Gold armor. A crown? No—antlers. Silver eyes.
But then it was gone, yanked back into the fog of her fractured past like a fish slipping the hook.
"You're doing it again," Fig said, voice soft but close to her ear. "Wandering into your own head."
She blinked. The forest returned. The dark branches. The clawed roots reaching across the path like fingers. The silence that pressed like a wet cloth.
"I'm trying to remember," she murmured.
Fig landed gently on her shoulder. "I know. But the forest isn't the safest place to go digging through trauma."
She sighed. "I thought if I came far enough… if I got away from people, noise, the Court, him… maybe I'd be able to piece it all together."
He was quiet for a moment. Then:
"Do you want to remember?"
She stopped walking.
The question hung between them like the chill in the air.
"Yes," she said after a long pause. "And no. But mostly yes."
"Because of Kayden?"
"No," she lied. Then exhaled. "Yes. Not just him. That day… I wasn't just killed. I was betrayed. I felt it, Fig. The moment before the spear, there was someone behind me. Someone who should've stopped it."
She closed her eyes and tried again. Tried to call the memories back.
But the forest didn't allow clarity. It allowed unease. Something crept beneath her skin — not fear, exactly, but a prickle of being seen. Watched. Measured.
She opened her eyes and looked around.
"Do you feel that?" she whispered.
"Yes," Fig answered instantly. "Have for the last half-hour."
"Why didn't you say anything?"
"I was hoping it was just your brooding presence attracting tree spirits. But now even I'm uncomfortable."

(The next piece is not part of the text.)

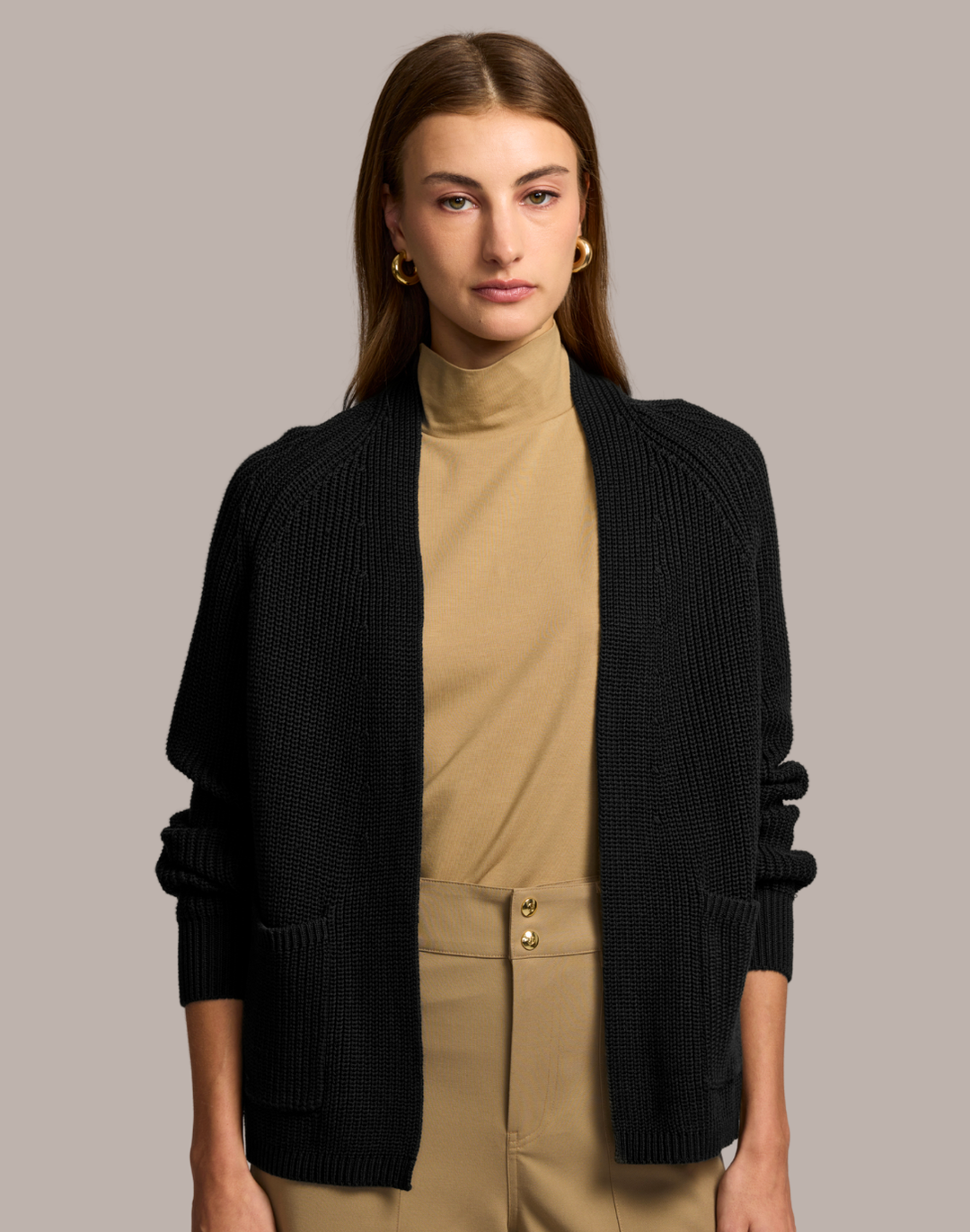 Angie Long Sleeve Cardigan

The path narrowed ahead, trees pressing inward like ribs in a dying beast. The bark here was darker. Striated with patterns that looked suspiciously like glyphs.
Eyes peered at them from the shadows.
Not human eyes.
Amber. Pale green. Silver. Some blinked vertically.
"Keep walking," Elara murmured.
"Walking where?" Fig hissed. "We're marching into the mouth of something ancient and extremely unfriendly!"
"I don't see another path."
"Why do you mortals always say that like it's a good reason to continue into danger?"
They moved forward, the path winding like a coiled vine. The air thickened. It smelled of rot and old magic. Of moss that never died.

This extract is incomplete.